- _What the task requires_
Produce a faithful copy of the data, one that leaves out the pictures.

- _The data_
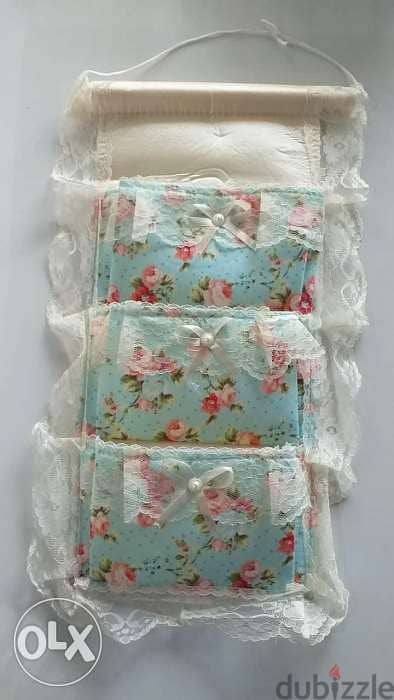 Beautiful lace wall pockets hanger 1 for 2$ 1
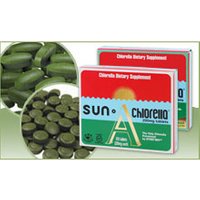 Pulverized Cell-Wall Chlorella, A, 200 mg, 1500 Tablets, Sun Chlorella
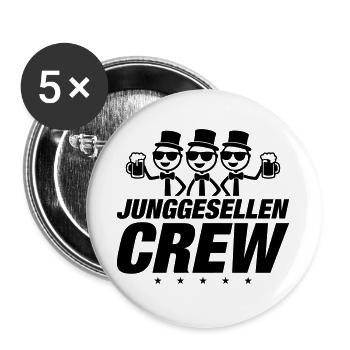 Bachelor Crew - Buttons large 2.2''/56 mm (5-pack) - white - Front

- _Output of the exercise_
 Beautiful lace wall pockets hanger 1 for 2$ 1
 Pulverized Cell-Wall Chlorella, A, 200 mg, 1500 Tablets, Sun Chlorella
 Bachelor Crew - Buttons large 2.2''/56 mm (5-pack) - white - Front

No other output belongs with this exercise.